Also picked up a beautiful Neon Velvet Damsel. It's very small as are the other 3 fish I have and fit right in with no fighting at all between them. I will post some pics of him once he settles in and swims out front more.

For now, Here is a pic of my Maroon Clown in Clownfish heaven. This was taken less than 5 minutes after putting the Anemone in the tank. :king:


----------



## leveldrummer (May 27, 2005)

beautiful, what kind of lighting do you have on your tank?


----------



## Reefneck (Oct 15, 2005)

30" Flourescent Dual fixtures with one Daylight bulb & one Full Actinic.

2 X 65W


----------



## Guest (Dec 6, 2005)

that's great! i love maroon clowns and they look awesome among their anemones.


----------



## Lydia (Feb 6, 2005)

Awww! That's so cute!! He looks so happy!
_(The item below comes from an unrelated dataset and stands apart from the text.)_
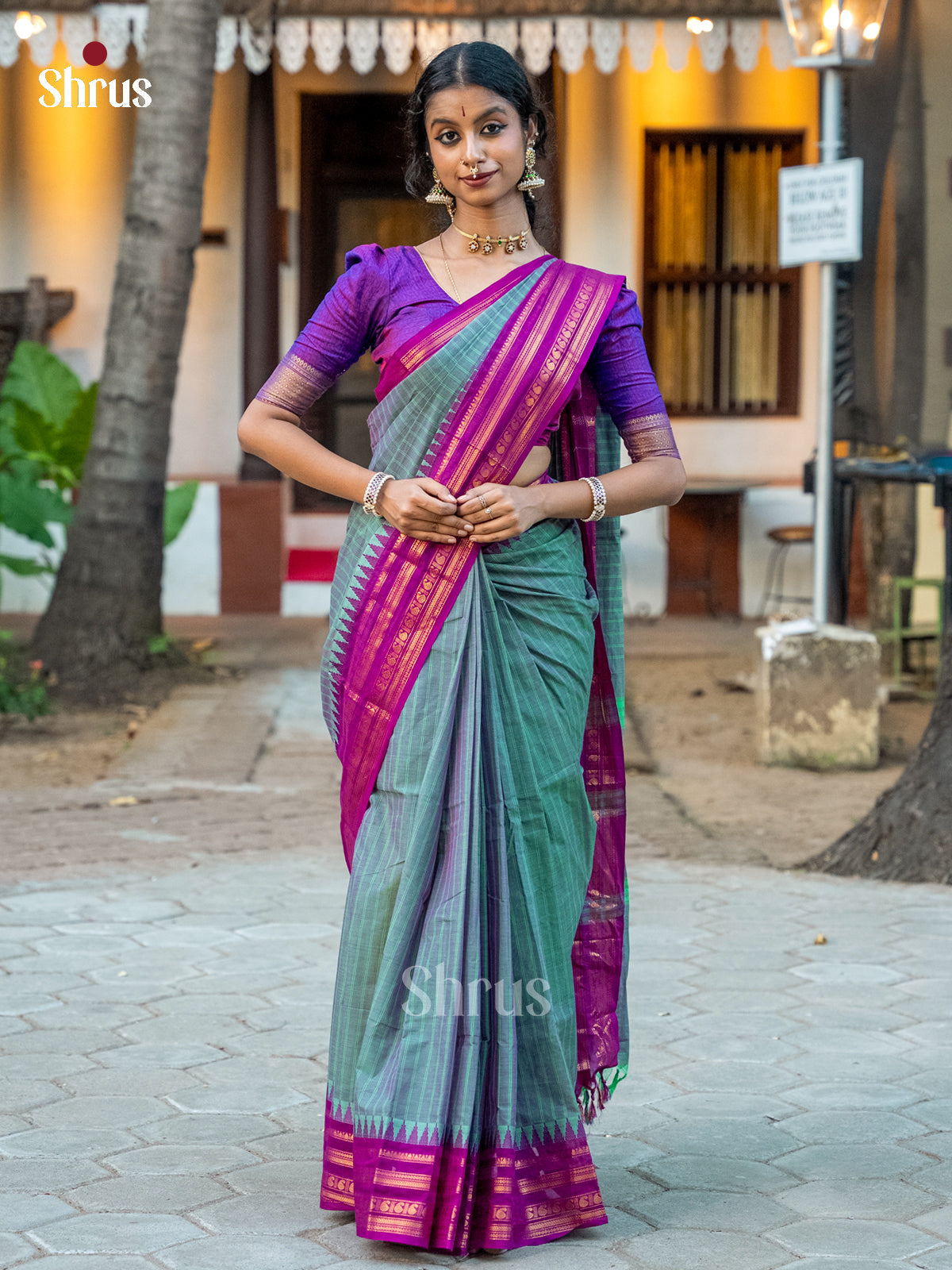 Graceful Dual Tone Green Chettinad Cotton Saree With Stripes & Purple Temple Zari Border - Shop on Shrus.com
Your anemone is nice looking, too, lol...


----------



## Osiris (Jan 18, 2005)

Wow, that was fast for the clownfish. hmm tryin to think if 130w will do it for the anemone or not. have no clue, hope it does! watch for it not to get sucked into anything, some of them tentacles like to wonder on anemones and it aint pretty sight when it happens


----------



## Reefneck (Oct 15, 2005)

MalawianPro said:


> Wow, that was fast for the clownfish. hmm tryin to think if 130w will do it for the anemone or not. have no clue, hope it does! watch for it not to get sucked into anything, some of them tentacles like to wonder on anemones and it aint pretty sight when it happens


Thanks....Yea the BTA's don't require the kind of light alot of others do like MH lights. They do well with 4 watts per gallon or more which I have. Did alot of research before taking him in. Now if I can just get him off the front glass he climbed!! :roll:


----------



## fishfreaks (Jan 19, 2005)

Nice new addition!! I'm also going to go out on a limb here and say...

NEMO!!! :lol:

Sorry couldnt resist :chair:


----------



## Electric Monk (Sep 6, 2005)

fishfreaks said:


> Nice new addition!! I'm also going to go out on a limb here and say...
> 
> NEMO!!! :lol:
> 
> Sorry couldnt resist :chair:


I for one forgive you, I said the 'N' word earlier at my lfs While talking about my clownfish living in my Button polyp...... (Bless him)


----------



## Reefneck (Oct 15, 2005)

*This weekends additions....*

Here are this weeks additions to the 55G reef.

Also, The wife is restarting the 29G to be her reef so after a cycle it will be getting stock.


----------



## Jonno (May 22, 2005)

fab pictures cnt wait till i start up a sw tank


----------